Keep Your Hands off Eizouken: A Passion Project about Passion Projects – in which I get a bit sappy about the love with which this anime-about-anime celebrates creativity and collaboration.

Queer YA Mini-Reviews: Soccer, Steampunk, and Survival Horror – in which the mini-reviews kick off for 2020, with Highway Bodies, Running with Lions, and Tarnished Are the Stars.

On Anime Feminist

The Gloriously Goofy, Geeky Girls of Keep Your Hands Off Eizkouken! – “this show is good – feminist analysis edition”. In which I dig into exactly what’s so delightful (and a bit subversive) about the antics and aesthetics of the main characters, and how they’re allowed to be cartoony, zany, and passionate.

Enter the Web Zone

Drew Gooden (yeah, the guy of  “road work ahead? Uh, I sure hope it does!” fame – he’s been pretty consistently funny since then, too!) talks the benefits of letting a beloved show end, rather than stretching it out until it’s no longer recognisable as the show you thought you wanted to watch forever.

The story of Jo March and her sisters is one of many classics that we keep returning to, and this video looks at the major film adaptations to see what new spins we’ve put on the narrative in each era.

Reclaiming the Witch Through Magical Girls– the cute witch is almost a ubiquitous character/trope/aesthetic, but this wasn’t always the case, and its resurgence and reframing across media history is something to talk about.

Season of the Witch: The Rise of Queer Magic in YA SFF – continuing with our (unexpected, but I’ll roll with it) theme of modern witchy media, this piece looks at the recurring theme of magical queer characters in YA… and how exciting it is that there’s now so much queer YA that we can identify trends within it!

The New Wave of Fantasy: How Millennial Authors are Changing the Genre – interviews with four young fantasy authors (Tori Adeyemi, Ryan La Sala, Adalyn Grace, and Hafsah Faizal) currently making a splash by bringing their own diverse spin to it.

Yuri is For Everyone: An Analysis of Yuri Demographics and Readership – yuri is just made by straight dudes for straight dudes, right? Not right! The Holy Mother of Yuri herself goes through the history of the genre and its authors and publication spaces, mapping its development and proving that yuri really is for everyone.
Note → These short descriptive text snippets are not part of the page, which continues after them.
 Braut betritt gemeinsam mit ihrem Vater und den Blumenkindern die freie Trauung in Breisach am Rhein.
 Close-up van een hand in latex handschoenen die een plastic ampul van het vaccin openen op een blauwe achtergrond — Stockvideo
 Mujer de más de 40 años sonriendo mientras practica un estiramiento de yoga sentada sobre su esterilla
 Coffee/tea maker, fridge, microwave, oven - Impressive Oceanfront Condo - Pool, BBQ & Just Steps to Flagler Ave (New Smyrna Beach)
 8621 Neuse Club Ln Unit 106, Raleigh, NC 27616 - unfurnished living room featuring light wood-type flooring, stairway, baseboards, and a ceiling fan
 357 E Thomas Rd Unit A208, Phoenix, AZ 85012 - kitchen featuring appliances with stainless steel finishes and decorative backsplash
Tea Leaves and Dog Ears’ A Discovery of Witches recaps – the blogger who so entertained me with their “I read this goofy shit so you don’t have to” recaps and reviews of the Grey novels has returned with some witchy, vampire-y fiction, and I’m looking forward to following along.
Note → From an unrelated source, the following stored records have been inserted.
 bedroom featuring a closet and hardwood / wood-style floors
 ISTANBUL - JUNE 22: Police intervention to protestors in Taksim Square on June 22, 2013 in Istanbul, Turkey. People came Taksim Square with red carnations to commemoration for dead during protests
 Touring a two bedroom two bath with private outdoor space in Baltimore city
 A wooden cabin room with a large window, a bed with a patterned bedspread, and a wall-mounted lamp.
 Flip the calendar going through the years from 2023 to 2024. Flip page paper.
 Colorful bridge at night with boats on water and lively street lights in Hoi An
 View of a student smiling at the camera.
Be Gay Do Crimes: The Mystery Story Model of Implicit Queer Storytelling – AniGay returns to dig into the history and process of “hunting for clues”, Poirot style, as a means of finding queer stories where they might not be overtly visible.

How Stars Align Offers a Fresh Narrative Model for LGBTQ+ Characters – an analysis of Yuu’s arc and how it covers their identity with nuance, and moves beyond the traditional focus on bullying, homophibia, and struggle, in favour of a queer narrative that’s allowed to simply exist nested in a greater story.

As a bonus: I’ve recently discovered the soundtrack to SIX, a pop musical about the wives of Henry VIII, and I can’t stop listening to it. Maybe it’s not the most in-depth or accurate thing ever, but goddamn does it have some bops in it (and some great puns – I can’t decide on my favourite, but “live in consort” and “ladies, let’s get in reformation” are solid contenders):

And that’s all for now – take care everyone!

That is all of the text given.